Bennys’ practice, which spans between painting and structural sculpture, looks at the essence of shape and colour as modes of relations, which connect the artist with the world and the artist’s work with the audience. Often using cement instead of canvas as a support for her paintings, Bennys plays and subverts our ideas about materials – making a surface associated with hardness and heaviness, seem effortless, playful and implicitly tactile. Equally implicit in the lines of the work is the visual associations with Tunisian textiles and patterns, characterised by subtle lines and stripes.

After many years of living abroad, Amel Bennys has recently returned to Tunis to live and work and reconnect with the city’s burgeoning emerging art community.

Osi Audu, Self-Portrait after Gelede Headdress, 2018. Acrylic on canvas, 56 x 79cm. All images courtesy of the artist & Sakhile&Me.

OSI AUDU

Born 1959, Nigeria

Lives & works in New York, USA

After earning his BFA at University of Ife (Nigeria), where he received his Bachelor of Fine Arts degree with first-class honours in 1980 Audu left to further his studies in the USA, earning an MFA in Painting and Drawing at the University of Georgia.

Audu’s practice is characterised visually by precision, elegance and geometry. While superficially drawing connections with minimal practices of artists like Mondrian, Josef Albers and Sol Le Witt, philosophically Audu’s practice is derived explicitly and implicitly from Yoruba worldview and spirituality. Many of his works are conceived as conceptual self-portraits analysing the connection and projection of memory through time.
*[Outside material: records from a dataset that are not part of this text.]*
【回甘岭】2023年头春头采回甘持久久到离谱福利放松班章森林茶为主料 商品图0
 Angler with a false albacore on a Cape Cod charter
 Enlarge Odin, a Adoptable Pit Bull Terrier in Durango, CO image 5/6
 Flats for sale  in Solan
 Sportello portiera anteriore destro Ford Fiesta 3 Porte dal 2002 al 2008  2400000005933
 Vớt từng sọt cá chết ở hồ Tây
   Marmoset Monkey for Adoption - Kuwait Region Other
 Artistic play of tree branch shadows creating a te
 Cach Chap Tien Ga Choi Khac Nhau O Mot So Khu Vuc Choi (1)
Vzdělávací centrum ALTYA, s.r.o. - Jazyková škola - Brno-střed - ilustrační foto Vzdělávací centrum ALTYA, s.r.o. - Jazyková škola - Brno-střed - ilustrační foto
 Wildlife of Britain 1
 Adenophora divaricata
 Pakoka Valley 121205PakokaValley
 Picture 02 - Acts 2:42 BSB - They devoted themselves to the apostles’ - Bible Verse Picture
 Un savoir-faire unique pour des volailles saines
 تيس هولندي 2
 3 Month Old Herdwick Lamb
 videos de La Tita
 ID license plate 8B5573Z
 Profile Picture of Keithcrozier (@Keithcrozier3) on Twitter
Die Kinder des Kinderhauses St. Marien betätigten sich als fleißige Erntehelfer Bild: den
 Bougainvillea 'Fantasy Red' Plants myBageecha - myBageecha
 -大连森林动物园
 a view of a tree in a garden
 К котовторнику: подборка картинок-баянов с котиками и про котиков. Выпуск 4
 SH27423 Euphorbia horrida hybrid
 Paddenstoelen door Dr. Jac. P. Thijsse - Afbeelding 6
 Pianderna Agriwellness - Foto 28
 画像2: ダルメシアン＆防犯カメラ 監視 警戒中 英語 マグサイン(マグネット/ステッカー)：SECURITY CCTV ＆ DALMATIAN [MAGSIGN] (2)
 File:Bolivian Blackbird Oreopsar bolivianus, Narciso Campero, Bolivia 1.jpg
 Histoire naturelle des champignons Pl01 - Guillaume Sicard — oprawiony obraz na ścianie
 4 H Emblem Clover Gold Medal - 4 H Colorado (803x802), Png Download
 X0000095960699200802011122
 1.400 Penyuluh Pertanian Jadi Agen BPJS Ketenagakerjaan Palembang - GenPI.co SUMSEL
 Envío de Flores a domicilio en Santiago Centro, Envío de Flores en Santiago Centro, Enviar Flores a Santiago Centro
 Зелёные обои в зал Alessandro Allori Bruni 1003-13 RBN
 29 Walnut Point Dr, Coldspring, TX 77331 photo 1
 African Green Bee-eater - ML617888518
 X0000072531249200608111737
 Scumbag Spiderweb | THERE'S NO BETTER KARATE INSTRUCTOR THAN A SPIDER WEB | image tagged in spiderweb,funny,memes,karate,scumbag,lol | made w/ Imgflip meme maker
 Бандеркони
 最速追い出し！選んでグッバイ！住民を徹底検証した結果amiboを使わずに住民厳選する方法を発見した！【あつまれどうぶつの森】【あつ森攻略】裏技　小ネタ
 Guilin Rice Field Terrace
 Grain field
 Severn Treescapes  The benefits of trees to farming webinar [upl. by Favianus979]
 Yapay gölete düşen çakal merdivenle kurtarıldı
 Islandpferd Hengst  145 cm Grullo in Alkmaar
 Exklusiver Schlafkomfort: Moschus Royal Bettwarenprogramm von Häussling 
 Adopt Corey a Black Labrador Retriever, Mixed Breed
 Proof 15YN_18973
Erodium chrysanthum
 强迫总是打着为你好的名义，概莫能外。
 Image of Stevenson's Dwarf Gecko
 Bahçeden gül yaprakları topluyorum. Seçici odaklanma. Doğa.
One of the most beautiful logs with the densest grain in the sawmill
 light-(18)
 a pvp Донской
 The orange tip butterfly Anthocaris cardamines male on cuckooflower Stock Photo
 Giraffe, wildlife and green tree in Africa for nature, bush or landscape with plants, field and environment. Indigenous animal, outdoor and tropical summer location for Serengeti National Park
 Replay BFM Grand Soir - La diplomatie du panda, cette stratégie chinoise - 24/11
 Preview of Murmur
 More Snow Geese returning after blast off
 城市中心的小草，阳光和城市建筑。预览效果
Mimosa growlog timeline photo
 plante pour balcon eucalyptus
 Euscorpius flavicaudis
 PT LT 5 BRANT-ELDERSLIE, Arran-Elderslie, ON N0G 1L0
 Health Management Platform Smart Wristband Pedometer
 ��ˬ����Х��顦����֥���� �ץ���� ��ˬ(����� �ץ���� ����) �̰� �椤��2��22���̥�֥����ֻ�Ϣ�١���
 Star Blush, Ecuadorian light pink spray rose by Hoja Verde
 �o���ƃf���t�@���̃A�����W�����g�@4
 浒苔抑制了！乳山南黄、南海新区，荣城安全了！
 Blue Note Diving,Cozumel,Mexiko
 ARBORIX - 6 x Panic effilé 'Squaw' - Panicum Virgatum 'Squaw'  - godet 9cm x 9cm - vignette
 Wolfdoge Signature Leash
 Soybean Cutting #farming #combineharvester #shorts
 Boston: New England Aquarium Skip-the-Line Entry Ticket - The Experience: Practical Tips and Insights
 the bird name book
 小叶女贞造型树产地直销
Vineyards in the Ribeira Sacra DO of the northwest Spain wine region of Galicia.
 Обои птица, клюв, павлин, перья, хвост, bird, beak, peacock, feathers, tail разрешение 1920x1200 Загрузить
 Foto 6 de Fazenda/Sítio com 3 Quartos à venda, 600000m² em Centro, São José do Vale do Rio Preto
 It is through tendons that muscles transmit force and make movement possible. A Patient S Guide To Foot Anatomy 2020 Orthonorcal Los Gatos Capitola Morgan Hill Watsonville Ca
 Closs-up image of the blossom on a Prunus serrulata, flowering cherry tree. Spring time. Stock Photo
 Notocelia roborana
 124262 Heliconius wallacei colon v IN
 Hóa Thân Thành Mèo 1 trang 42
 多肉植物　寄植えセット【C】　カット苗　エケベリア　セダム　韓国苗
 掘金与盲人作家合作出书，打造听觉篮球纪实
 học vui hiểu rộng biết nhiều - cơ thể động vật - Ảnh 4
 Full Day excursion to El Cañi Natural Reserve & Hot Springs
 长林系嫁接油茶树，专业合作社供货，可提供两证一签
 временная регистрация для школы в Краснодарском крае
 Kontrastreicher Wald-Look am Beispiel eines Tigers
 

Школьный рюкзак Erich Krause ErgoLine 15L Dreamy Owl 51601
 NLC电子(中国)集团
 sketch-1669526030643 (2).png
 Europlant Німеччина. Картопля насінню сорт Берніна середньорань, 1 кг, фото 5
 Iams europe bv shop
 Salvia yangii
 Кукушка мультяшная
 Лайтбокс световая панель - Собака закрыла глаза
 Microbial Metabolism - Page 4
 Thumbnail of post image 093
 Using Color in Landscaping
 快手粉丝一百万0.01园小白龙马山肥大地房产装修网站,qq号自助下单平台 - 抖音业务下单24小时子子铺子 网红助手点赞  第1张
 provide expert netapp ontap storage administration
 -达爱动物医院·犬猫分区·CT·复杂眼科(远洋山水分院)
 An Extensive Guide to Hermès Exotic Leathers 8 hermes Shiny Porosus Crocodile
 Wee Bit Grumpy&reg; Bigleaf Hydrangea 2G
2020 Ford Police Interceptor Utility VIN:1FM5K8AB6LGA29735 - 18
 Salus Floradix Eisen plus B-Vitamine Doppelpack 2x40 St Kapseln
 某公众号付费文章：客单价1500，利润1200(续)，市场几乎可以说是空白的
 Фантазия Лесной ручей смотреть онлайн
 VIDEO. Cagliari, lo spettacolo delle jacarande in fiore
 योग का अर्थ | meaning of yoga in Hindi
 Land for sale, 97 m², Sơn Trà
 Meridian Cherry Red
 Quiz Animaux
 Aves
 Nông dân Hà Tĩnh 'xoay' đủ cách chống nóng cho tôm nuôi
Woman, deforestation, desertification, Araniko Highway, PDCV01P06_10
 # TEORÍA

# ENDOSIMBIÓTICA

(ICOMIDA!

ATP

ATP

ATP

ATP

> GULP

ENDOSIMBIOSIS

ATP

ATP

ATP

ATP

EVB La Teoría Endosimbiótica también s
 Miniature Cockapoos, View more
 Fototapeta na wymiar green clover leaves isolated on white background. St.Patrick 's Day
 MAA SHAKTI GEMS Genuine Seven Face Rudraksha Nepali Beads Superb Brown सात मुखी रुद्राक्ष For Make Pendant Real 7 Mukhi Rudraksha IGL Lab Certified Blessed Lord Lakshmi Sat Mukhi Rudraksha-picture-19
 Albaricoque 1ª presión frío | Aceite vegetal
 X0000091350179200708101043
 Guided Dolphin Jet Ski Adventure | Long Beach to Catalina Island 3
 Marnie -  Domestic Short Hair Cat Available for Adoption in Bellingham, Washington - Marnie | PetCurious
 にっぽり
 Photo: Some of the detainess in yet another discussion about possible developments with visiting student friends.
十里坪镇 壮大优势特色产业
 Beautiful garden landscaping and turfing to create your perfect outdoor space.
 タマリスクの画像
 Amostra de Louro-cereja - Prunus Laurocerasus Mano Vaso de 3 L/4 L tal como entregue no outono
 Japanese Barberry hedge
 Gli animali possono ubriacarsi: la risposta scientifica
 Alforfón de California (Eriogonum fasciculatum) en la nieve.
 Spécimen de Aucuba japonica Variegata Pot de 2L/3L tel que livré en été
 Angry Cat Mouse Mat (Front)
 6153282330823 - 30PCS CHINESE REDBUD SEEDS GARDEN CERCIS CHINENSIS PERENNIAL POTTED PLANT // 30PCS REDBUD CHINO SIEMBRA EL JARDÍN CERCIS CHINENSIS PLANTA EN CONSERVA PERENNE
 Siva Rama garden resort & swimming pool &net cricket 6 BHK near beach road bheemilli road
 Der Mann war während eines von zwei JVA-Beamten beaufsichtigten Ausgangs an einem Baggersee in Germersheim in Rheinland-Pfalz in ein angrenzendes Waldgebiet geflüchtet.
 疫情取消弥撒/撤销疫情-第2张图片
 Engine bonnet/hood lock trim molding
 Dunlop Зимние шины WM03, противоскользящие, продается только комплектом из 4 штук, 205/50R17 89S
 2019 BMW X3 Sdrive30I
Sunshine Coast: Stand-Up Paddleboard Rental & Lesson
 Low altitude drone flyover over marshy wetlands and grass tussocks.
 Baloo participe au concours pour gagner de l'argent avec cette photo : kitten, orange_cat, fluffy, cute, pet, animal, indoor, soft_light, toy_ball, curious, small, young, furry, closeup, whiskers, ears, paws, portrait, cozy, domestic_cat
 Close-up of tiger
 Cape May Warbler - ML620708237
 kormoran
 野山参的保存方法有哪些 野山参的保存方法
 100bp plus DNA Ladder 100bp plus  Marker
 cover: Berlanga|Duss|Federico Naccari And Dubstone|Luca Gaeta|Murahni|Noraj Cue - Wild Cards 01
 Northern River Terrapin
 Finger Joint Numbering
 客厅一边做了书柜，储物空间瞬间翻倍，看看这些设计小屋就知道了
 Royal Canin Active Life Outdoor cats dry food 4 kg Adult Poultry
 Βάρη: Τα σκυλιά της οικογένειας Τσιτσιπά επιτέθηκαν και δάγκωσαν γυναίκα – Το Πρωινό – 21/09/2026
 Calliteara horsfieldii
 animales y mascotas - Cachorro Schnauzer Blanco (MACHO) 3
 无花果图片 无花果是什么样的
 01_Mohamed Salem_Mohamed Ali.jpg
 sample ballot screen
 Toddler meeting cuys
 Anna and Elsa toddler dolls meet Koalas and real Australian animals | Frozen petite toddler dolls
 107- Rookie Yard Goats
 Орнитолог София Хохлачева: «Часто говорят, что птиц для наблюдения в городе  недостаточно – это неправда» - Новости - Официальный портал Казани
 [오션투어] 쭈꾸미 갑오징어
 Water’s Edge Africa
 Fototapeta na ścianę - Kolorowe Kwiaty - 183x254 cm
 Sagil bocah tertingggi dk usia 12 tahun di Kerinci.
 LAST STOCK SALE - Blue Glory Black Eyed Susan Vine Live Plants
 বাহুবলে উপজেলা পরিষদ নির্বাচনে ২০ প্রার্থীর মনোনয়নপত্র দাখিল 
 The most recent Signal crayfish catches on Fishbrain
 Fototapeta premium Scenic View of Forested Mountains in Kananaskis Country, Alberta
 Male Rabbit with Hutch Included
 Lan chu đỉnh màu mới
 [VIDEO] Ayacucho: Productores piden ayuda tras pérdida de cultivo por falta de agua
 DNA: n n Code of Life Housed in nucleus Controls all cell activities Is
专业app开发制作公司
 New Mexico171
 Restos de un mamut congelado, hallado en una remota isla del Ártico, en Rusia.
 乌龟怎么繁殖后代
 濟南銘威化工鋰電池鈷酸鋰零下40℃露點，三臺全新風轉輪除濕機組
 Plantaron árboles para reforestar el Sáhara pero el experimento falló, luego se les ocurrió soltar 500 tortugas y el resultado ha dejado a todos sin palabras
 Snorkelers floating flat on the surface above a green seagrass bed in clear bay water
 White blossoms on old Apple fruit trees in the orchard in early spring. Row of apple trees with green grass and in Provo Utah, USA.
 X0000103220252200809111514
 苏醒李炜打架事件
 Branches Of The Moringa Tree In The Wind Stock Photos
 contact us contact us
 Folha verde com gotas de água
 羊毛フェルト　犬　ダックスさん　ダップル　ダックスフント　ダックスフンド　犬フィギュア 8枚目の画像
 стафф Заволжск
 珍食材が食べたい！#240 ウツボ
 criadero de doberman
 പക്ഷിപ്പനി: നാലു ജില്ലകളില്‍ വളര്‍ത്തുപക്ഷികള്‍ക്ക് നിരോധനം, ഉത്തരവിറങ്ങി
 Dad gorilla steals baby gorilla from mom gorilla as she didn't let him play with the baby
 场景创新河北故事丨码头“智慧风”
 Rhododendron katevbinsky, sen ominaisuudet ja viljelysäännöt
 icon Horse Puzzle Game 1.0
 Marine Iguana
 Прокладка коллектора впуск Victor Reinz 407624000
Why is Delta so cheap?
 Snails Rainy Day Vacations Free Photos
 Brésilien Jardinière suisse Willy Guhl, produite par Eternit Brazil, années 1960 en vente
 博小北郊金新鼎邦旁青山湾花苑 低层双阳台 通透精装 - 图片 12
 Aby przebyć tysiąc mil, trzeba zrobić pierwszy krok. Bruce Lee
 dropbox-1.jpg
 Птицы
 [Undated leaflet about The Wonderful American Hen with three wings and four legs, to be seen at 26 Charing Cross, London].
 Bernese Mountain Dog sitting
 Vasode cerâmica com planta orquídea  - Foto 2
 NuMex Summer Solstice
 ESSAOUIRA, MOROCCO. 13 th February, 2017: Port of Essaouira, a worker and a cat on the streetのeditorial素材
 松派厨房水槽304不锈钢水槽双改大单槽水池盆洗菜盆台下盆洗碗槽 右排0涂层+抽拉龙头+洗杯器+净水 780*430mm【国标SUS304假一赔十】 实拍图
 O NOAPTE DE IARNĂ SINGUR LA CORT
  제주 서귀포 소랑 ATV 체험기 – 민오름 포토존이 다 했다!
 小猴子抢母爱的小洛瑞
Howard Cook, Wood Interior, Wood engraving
Yoruba philosophy and religion agree on a life-journey with god before birth. This memory is erased at birth, and your life’s work is to recapture that memory and fulfil that life-plan. Audu’s practice uses the motif of a rectangular box as a representation of a head as a vessel for conscious. It is a point of departure for the process of self-seeking spiritual accomplishment.

Osi Audu, Self-Portrait, 2019. Graphite and pastel on paper (mounted on canvas), 28 x 38cm.

Audu’s unique connection between geometry, philosophy and aesthetics, has enabled him to engage with audiences around the world with exhibitions not only in Europe and the USA but also Japan and Korea where he took part in the Gwangju Biennale, as well as exhibitions in Nigeria and elsewhere on the continent. His works are in numerous private and public collections including The British Museum; The Horniman Museum, London; Schmidt Bank, Bayreuth, Germany; The Wellcome Trust, London, The National Museum of African Art, Smithsonian Institution, Washington DC and Newark Museum, Newark, New Jersey.

Valerie Kabov is an art historian with a focus on cultural policy and culture economics. She is the co-founder and director of Education and International Projects at First Floor Gallery, Harare.